Open adishavit opened 7 years ago
Windows programs have their arguments stored in the structure Process Environment Block
(PEB), more specifically in ProcessParameters->CommandLine
which is a UNICODE_STRING
. The GetCommandLineW()
function give direct access to the UNICODE_STRING buffer. This is true for both Windows GUI and console programs. The buffer contains the command line arguments as a single wide string, exactly as entered, for example like this:
"path_to_program" -arg1 /f -abc file1 file2
The C library startup code parses the string, assign and allocate argc
and argv
before calling main
.
So, wouldn't it be easier to pass the unaltered command line string as is to argh
? Splitting the string into arguments using space as delimiter would be straightforward, I think.
GetCommandLineA()
will give a copy of the string converted to the system ANSI codepage. Which gives, even if you develop a UTF8 console program, the most efficient would be to parse the arguments as UTF16, retrieved by GetCommandLineW()
and ignoring main's parameters.
Thanks for your enthusiasm for Argh! A few comments about this.
add_param()
. I guess the ctor would have to be written such that a later call to parse()
would just overwrite anything done before.I don't have a lot of experience with parsing Unicode in general nor on Unicode variants on Windows in particular, so it is hard for me to comment. Would you like to make a pull request?
Thanks for answering. Just FYI, getting direct access to command line buffer in PEB via GetCommandLineW()
is often the usual way, at least when it comes to Windows GUI. It is possible to manipulate the string and even overwrite it without any consequences for the program. After all, it is just a string. My intention was more of a fancy, to mention an idea without any concrete method to implement it argh. None of the different option parser solutions available has considered this possibility, I guess due to the subject is very much UNIX centred.
I’m not a Unicode expert but I know the way Windows handles Unicode is messed up. I took the liberty to consult some of the more knowledgeable Unicode/C++ experts on Twitter (where else 😆). The lively discussion is here.
Seems like the only sane and portable thing to do is UTF8 only. As @cor3ntin says:
I would immediately convert each argument to utf8 with
WideCharToMultiByte
, keep the rest of the code as it & assume utf8 ... _DO NOT letwchar_t
invade your project. Smallest possible conversion layer._
Essentially converting anything to UTF8 as shown here:
#include <windows.h>
#include <string>
#include <algorithm>
#include <vector>
std::string convert(const wchar_t* wstr) {
int s = WideCharToMultiByte(CP_UTF8, 0, wstr, (int)wcslen(wstr), NULL, 0, NULL, NULL);
std::string str;
str.resize(s);
WideCharToMultiByte(CP_UTF8, 0, wstr, (int)wcslen(wstr), LPSTR(str.data()), s, NULL, NULL);
return str;
}
int wmain( int argc, wchar_t ** argv) {
std::vector<std::string> vec;
vec.reserve(argc);
std::transform(argv, argv + argc, std::back_inserter(vec), convert);
// parse(vec)
}
If you need the data in some other encoding (e.g. for passing to WIN32 componenets) do it on the other end.
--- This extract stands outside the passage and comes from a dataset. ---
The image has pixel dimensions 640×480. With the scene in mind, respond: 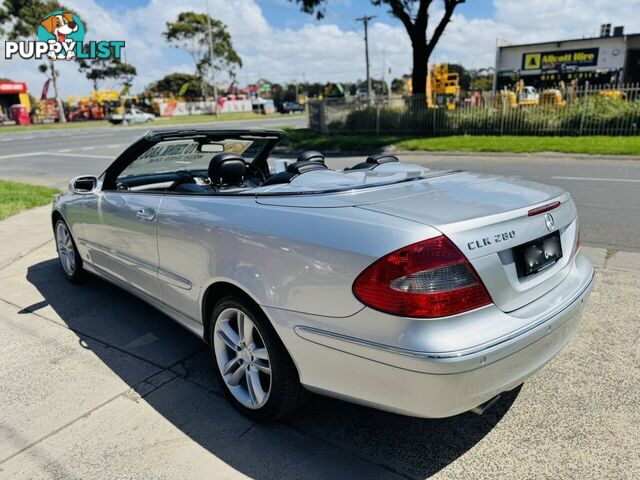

Thank you for your effort. However, your answer doesn't address the subject. My point was about using the PEB command line buffer
for option parsing. As I said this could either be a direct wide UTF16 string or a copied and converted narrow ANSI string. Strong preference for parsing the wide buffer directly. I also made a suggestion on how this could be achieved (see below). I'm sure your twitter friends all are skilled people with valid points in their arguments, but where do they apply in this subject? I'm reluctant to engage in flaming UTF8 vs UTF16 vs UTF32 discussions, but in practice, in Windows Unicode is UTF16 and has been so for about 30 years. It's not a matter of preference or flavour, it's just how things are. The whole underlying system is coded in UTF16. Also in practice, coding with UTF8 is more or less unsupported. You deal with it when handling data as in manipulating a webpage for example, but the API expects UTF16 when called. It's all due to the UTF16 'W' API variants vs the legacy 'A' as in 'ANSI' API variants. Mixing narrow UTF8 and ANSI is likely to be troublesome. As I understand, this is about to change when it comes to Windows UWP apps where UTF8 is encouraged to facilitate web-centric code. Anyway, nothing of this should be a bother for you in this library. Especially if you consider my suggestion in the thread
On Windows there is an extension to get the args automatically without passing them in, as in:
Things to note:
__argv
et al. perform wildcard expansion, which may or may not be desirable.